4.2. Limitations, strengths, and further research

The cross-sectional design and relatively low number of participants pose clear limitations on the generalizability of the findings. Furthermore, all the participants had been referred to the second line mental health centre, suggesting that trauma load and mental health issues were greater than what the individual could handle his/her own or through support from primary care and existing network. The findings could therefore be less applicable to the general population. Also, the group with AT was relatively small compared to those with VT in both genders.

It is well documented that men in the general population have higher threshold for seeking help for mental health symptoms (Sagar-Ouriaghli, Godfrey, Bridge, Meade, & Brown, Citation2019). Even though the men in our sample overall scored significantly higher on negative self-perception and alteration in systems of meaning symptoms, we did not find indications that they generally had more risk factors for PTSD. The differences we found held true when we tested the effect of specific trauma type, total trauma load, older age, and worse psychosocial situation (including refugee status). Men tended to have longer time since the trauma, though. This could indicate more severe symptoms or higher threshold for seeking help.
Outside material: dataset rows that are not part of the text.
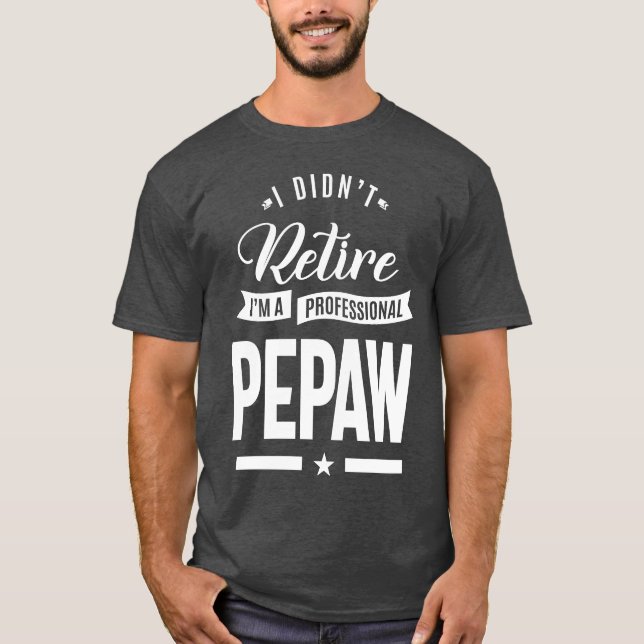 Camiseta Soy una persona profesional (Anverso)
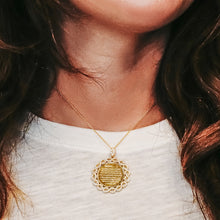 Load image into Gallery viewer, ITI NYC Quran Verse Pendant in Sterling Silver
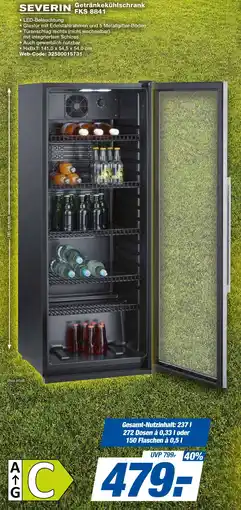 expert Techno Land SEVERIN Getränkekühlschrank FKS 8841 Angebot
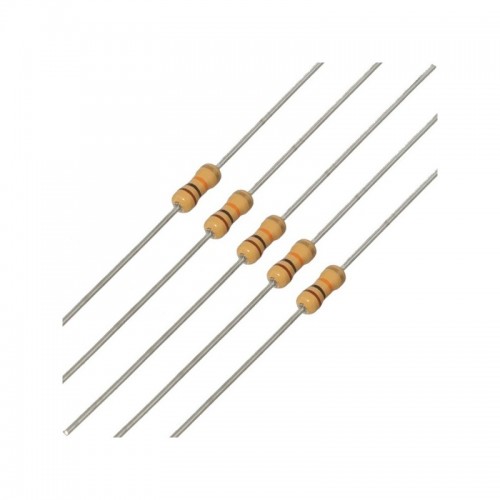 Kiloohm KΩ 1/4W Resistors Pack of 5 - product image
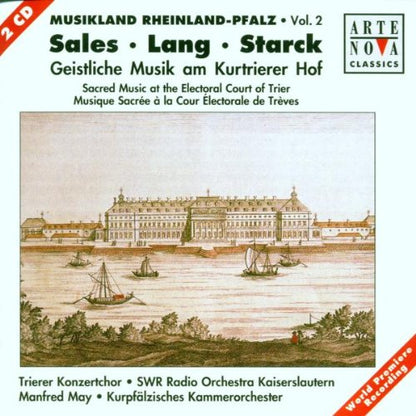 Sacred Music Of The Electoral Court Of Trier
The MANCOVA analyses excludes the possibility of adjusting for non-continuous covariates. Even though we did not find statistically significant differences in refugee status within the genders, the slight non-significant difference in men with VT could contribute to their worse outcomes. Similarly, there were slightly more participants with war/combat trauma in the men with VT group. This has been found to be significant risk factors for developing a wide range of trauma symptoms (Silove, Citation1999).

Since we were primarily interested in a difference between VT and AT within each gender, and then compare the VT-AT differences between the genders, many of the above-mentioned possible bias should not pose major limitations. Age is known to affect PTSD prevalence and it interacts with gender (Ditlevsen & Elklit, Citation2010). Since we adjusted for age in the analysis, we also reduced this possible bias.
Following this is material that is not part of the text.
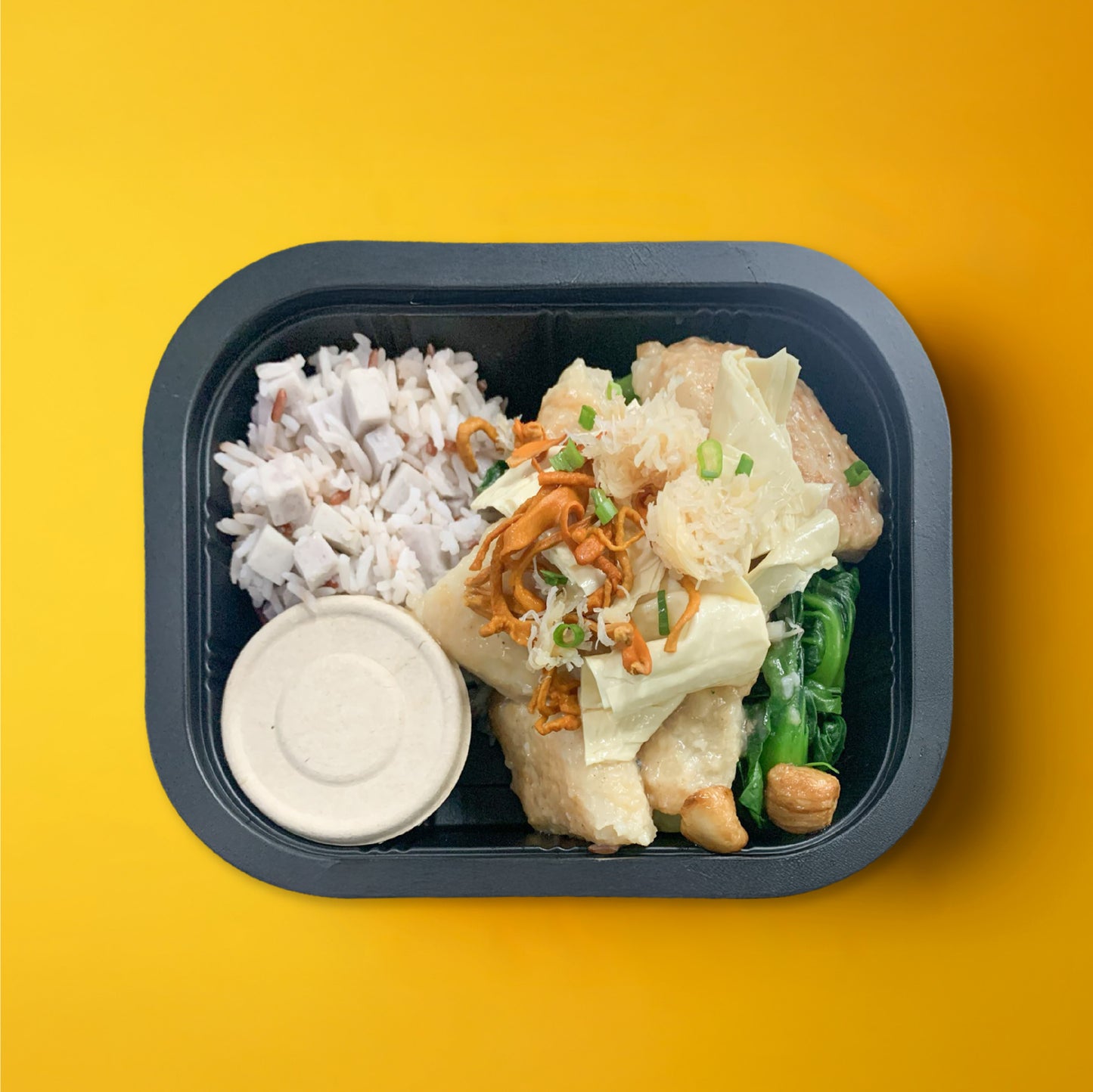 C. Stir fry Fish with Low GI Mix Grains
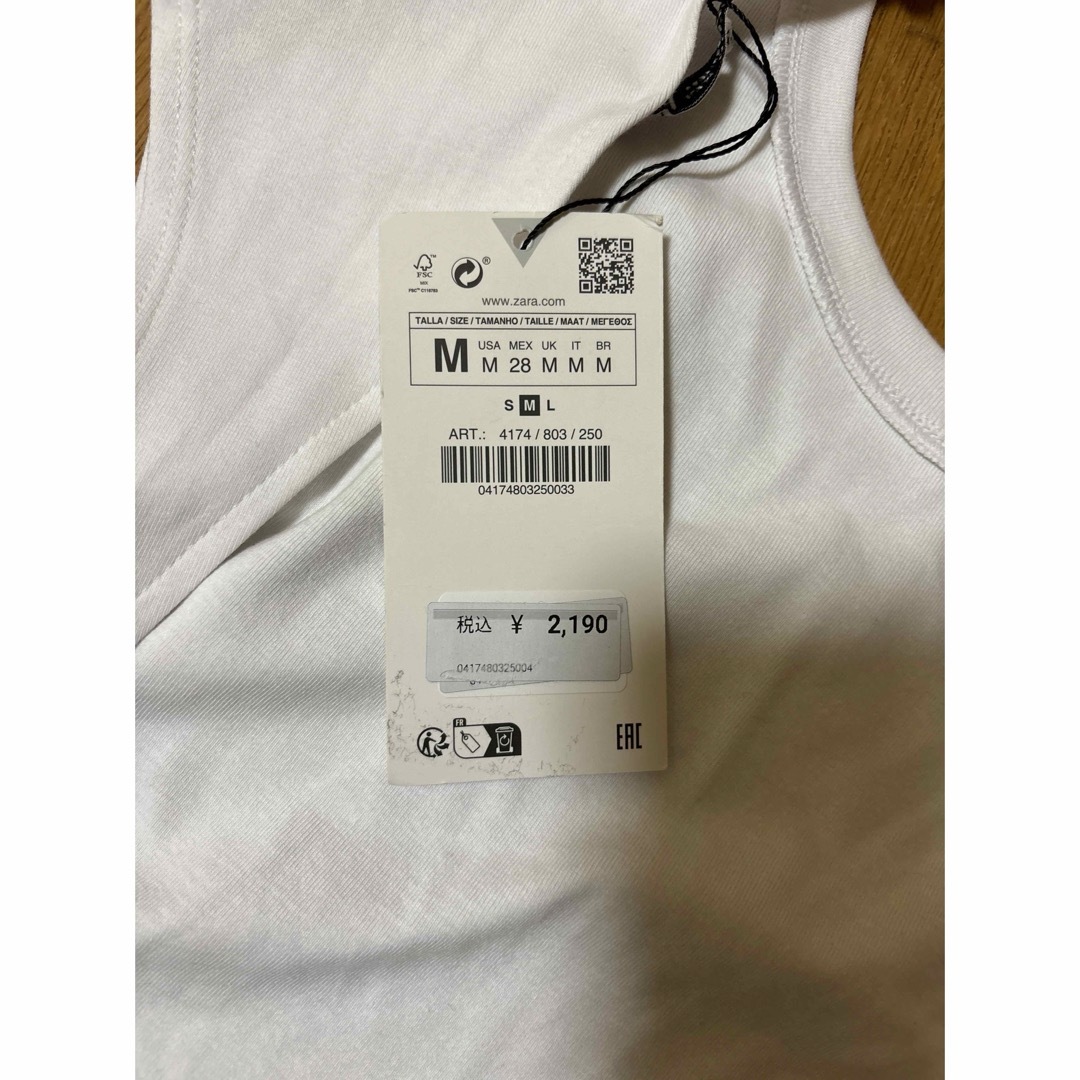 ZARA(ザラ)のZARA Tシャツ メンズのトップス(Tシャツ/カットソー(半袖/袖なし))の商品写真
The strengths of this study were that the clinical interviews were thorough, and the statistical findings were clear, even with relatively few participants. A larger study with newer instruments assessing gender differences in ICD-11 complex PTSD symptoms after victimization and accidental traumas is recommended.

Open scholarship

This article has earned the Center for Open Science badge for Open Data. The data are openly accessible at https://doi.org/10.17605/OSF.IO/TPA6U.

Disclosure statement

No potential conflict of interest was reported by the author(s).

Data availability statement

The data described in this article are openly available in the Open Science Framework at https://doi.org/10.17605/OSF.IO/TPA6U.

Additional information

Funding

The project received a research grant from the South-Eastern Norway Regional Health Authority in 2008 [08/00020-2008024]. The funding did not affect the choice of data, analysis, interpretation, or manuscript writing and submission.